最後に第五章では、ステーキ、おにぎり、オムレツの分子調理について紹介しています。ここまで読み進めれば、分子調理がどういう事を指すのかは理解できるはずであり、本章でもより各料理を科学的に美味しくするために開発された技術を紹介しています。具体的には自分の家でも使っているIH炊飯ジャーについてから宇宙オムレツの美味しさまで解説しており、身近なところで実用化されている内容から遠い未来に楽しめるかもしれない分子調理に基づいた料理まで解説されています。

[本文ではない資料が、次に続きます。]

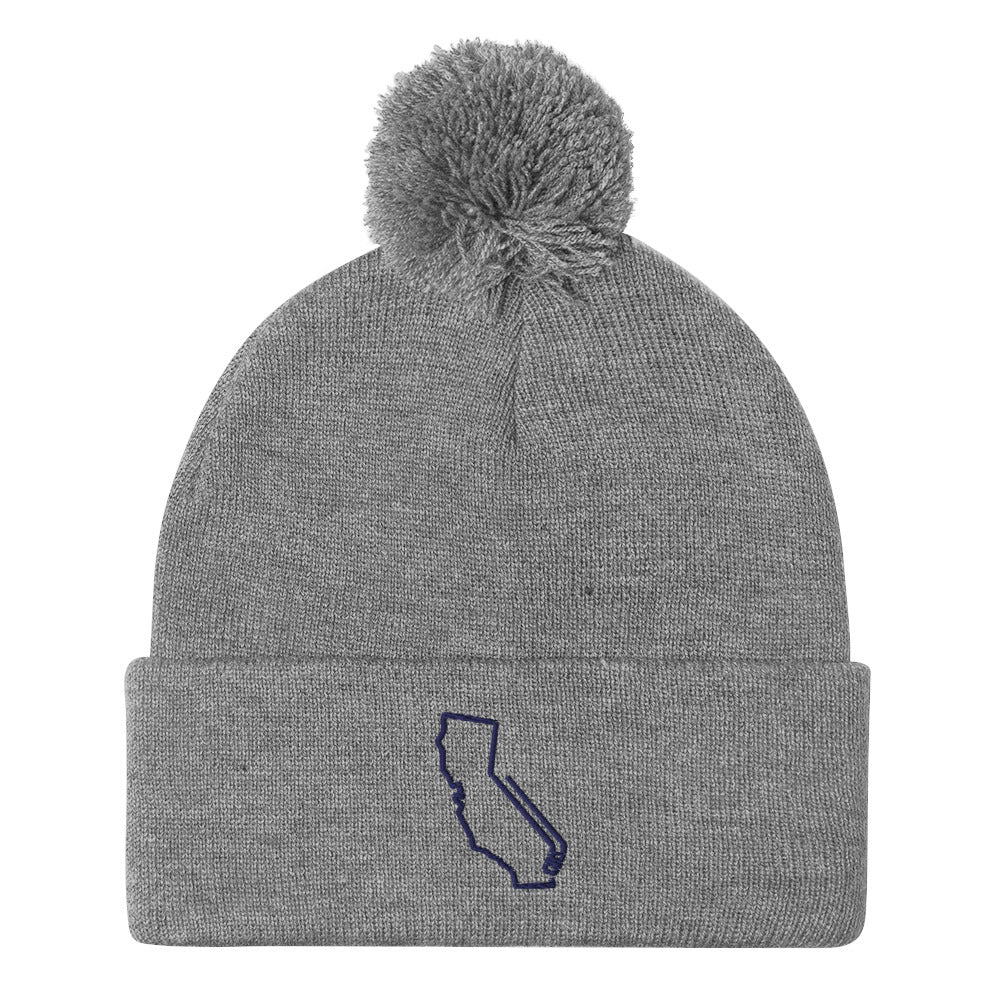 California Hockey Pom-Pom Beanie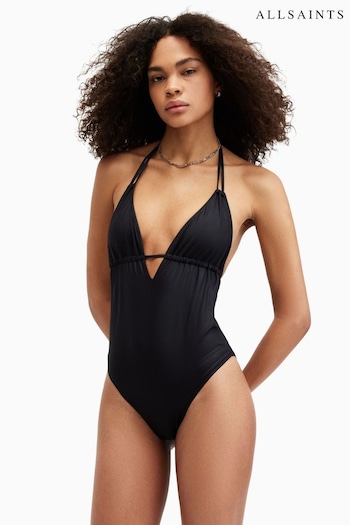 AllSaints Black Erica Swimsuit (E19205) | £79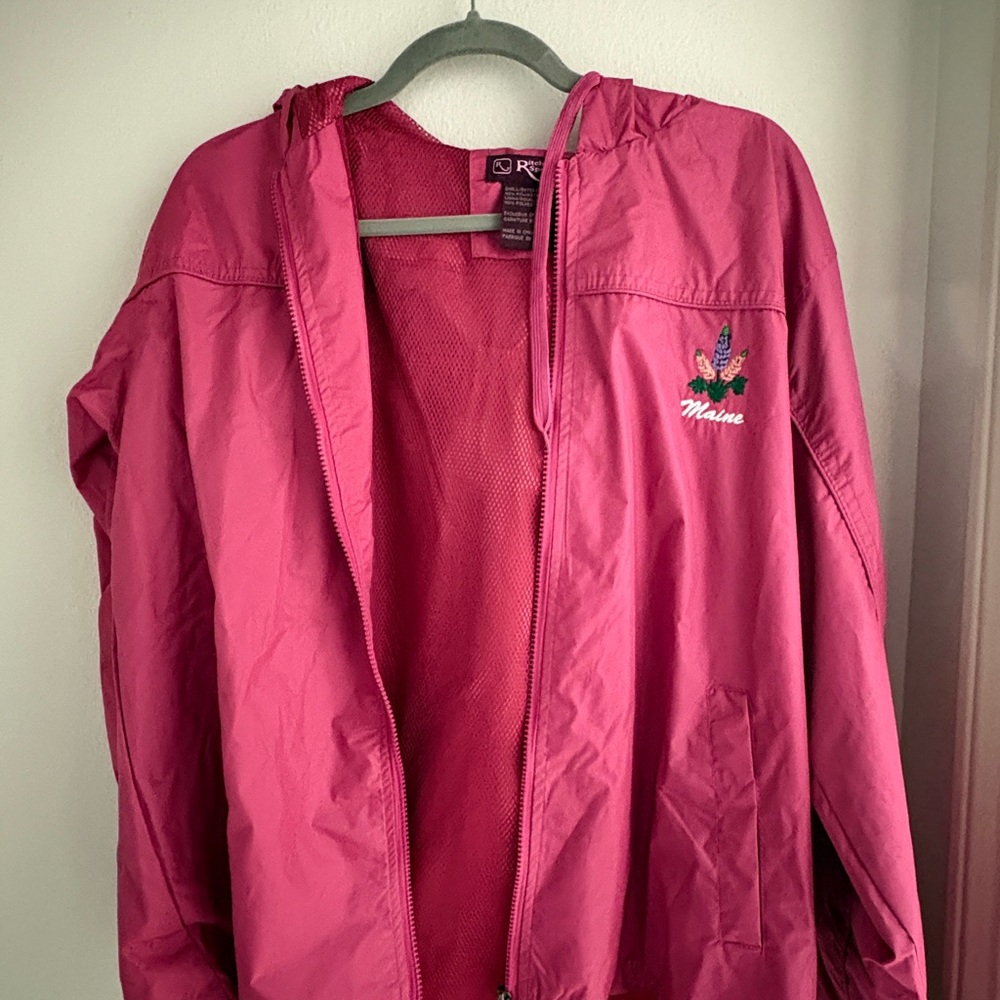 Vintage Maine Embroidered Rain Jacket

分子調理が食の常識を変えると壮大なテーマを想像されるサブタイトルがついていますが、著者のパンチの効いた卵に関するエピソードが冒頭で紹介されており、第一章でも著者のアイスに関する体験からストーリーが始まっていて、読みやすい内容になっています。挿絵もゆるいタッチで和やかな感じを醸し出しつつも、構造式については有機化学で用いられるように記述されており正しく理解することができます。著者は、宮城大学食産業学群の石川 伸一教授で、分子調理を専門として調理プロセスを分子レベルで理解し,料理の科学的知見の集積,ならびに分子レベルに基づいた新しい料理,新しい調理技術の開発を行っているようです。実験と料理、モノを作ることは一緒でも器具や方法は全く違います。しかしながら実験の手段を料理に適用することで、食べ物がよりおいしくなる可能性があることをこの本から知り、また料理も化学現象の一つであることを再認識することができました。COVID-19の影響で料理の機会が増えたかもしれませんが、こちらを読んで美味しい料理を科学的に作ってみませんか。(実験室で無許可で料理をしたり、実験器具を目的外に使用することは厳禁です。)